Monday, June 21, 2021

Philosophy In Television (Part 9): Loki

". . . stepping off your path created a Nexus event, which, if left unchecked, could branch off into madness, leading to another multiversal war."
--Miss Minutes, Loki (season one, episode one)


The Time Variance Authority, or TVA, makes it first appearance in the MCU in Loki, with the titular character finding himself brought to a special set of offices in a detached part of reality where humanoid beings keep track of "variants," or different versions of people who disrupt a timeline by making an event the TVA opposes occur.  Loki himself drew their attention by taking the Tesseract as seen in Endgame.  Because his actions could lead to events the TVA has not "ordained," he must be removed.  His conversations with Agent Mobius lead him to talk of people outside the TVA as if they have mo free will because it is the TVA that intervenes to ensure a specific set of events happen in a given timeline.  However, it does not matter whether foreknowledge is possessed by God or some other being like the enigmatic Timekeepers (if they exist) or their TVA agents.  In either case, merely seeing the future does not causally impact anything in the future at all.  Loki has so far sidestepped this logical fact.

Ironically, WandaVision made it as clear as it could through dialogue and in certain scenes that Wanda was forcing people to act against their wills, something the people of Westview were very aware of, and yet characters in Loki talk as if everyone the TVA observes in other timelines (the idea that the TVA is outside of time is blatantly untrue, as moments elapse and events occur inside the offices) has no freedom to make uncoerced decisions.  The TVA would never have to correct any timeline in the first place if they were truly in direct control of people's wills, as opposed to just having the ability to intervene and reset certain events.  Manipulating or hindering people after they have already done something is not a nullification of free will.  This is instead an indirect admission that the TVA is either not able to override people's individual wills or they choose not to--the only other option is extremely unlikely, that being that the TVA overrides free will in beings outside of the organization and makes them distort timelines just so they have something to do.

There is no evidence for this and much evidence to the contrary.  Either way, for anyone to say or think that oversight of a timeline means the beings in that timeline have no free will is highly irrational.  Observation is not causation (except in some hypothetical idealist metaphysics where perception literally causes matter to exist, but even that has nothing at all to do with free will).  Whether a certain outcome is dictated by beings with greater power than humans and the other human-like beings of the MCU has no bearing on whether the inhabitants of a timeline are making their own choices without being knowingly or unknowingly forced to think, believe, and act exactly as they have.

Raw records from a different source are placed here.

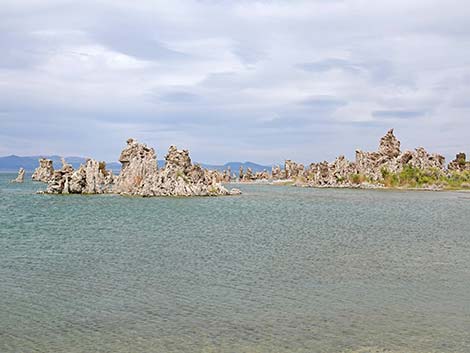 South Tufa Towers Trail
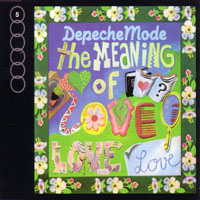 DEPECHE MODE - THE MEANING OF LOVE (BOX 1) (US)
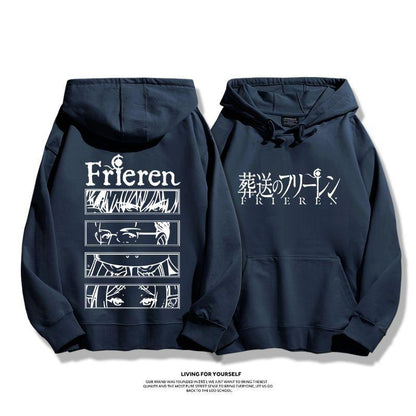 【裹起毛】 葬送のフリーレン キャラクター 早い者勝ち 元気いっぱい 超人気 売り切れ必至  憧れ  パーカー-A2008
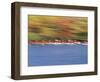 Crew Team on Water-null-Framed Photographic Print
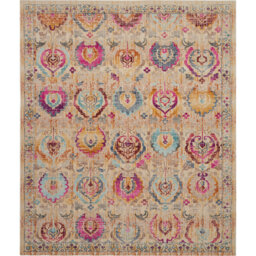 Erinn Brown/Blue Rug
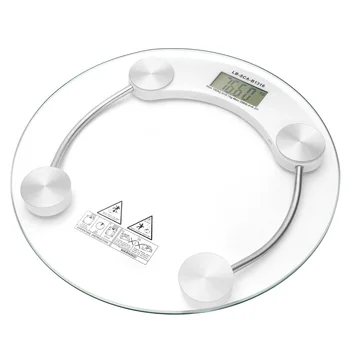 5-150 kg Přenosný Přesné Elektronické LCD Digitální Koupelna Tělesného Tuku Váhy Podlahové Váhy potřeb pro Domácnost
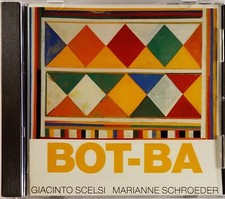Giacinto Scelsi, Marianne Schroeder, Bosendorfer Piano, BOT-BA (CD, Hat Art)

An apocalyptic event like those discussed in Loki might happen with or without the free choices of many people.  For example, if a volcano is going to erupt and destroy ancient Pompeii, as is depicted in the second episode, free choices by humans will not change that.  Free will does not mean one's thoughts and will can freely direct actions that can in turn prevent every unwanted catastrophe in the external world.  This is an asinine misrepresentation that has somehow become popular both in entertainment and in the arbitrary beliefs of non-rationalists.  Will and action do not mean one can do anything that is logically possible (anything that does not contradict reason or itself, which includes many possibilities beyond human control) or stop nature or God or some other thing from making an event happen whether you like it or not.

Loki dances all around the true nature of free will by making it seem as if will depends on physical circumstances rather than will being a mental/phenomenological part of a being's mind and outside events being potentially uncontrollable circumstances.  A person's will is thus not free or determined by outside forces based on whether certain natural or supernatural events occur.  It is free if a person is capable of making choices without being forced to--not in the sense of a situation or person narrowing a person's range of possible actions.  Since the ability to grasp reason and use it would be an illusion if free will of some kind did not exist, as knowledge would be impossible because no thoughts would be voluntary, proving that one has free will is as sime as proving that logical axioms and one's own consciousness are absolutely certain.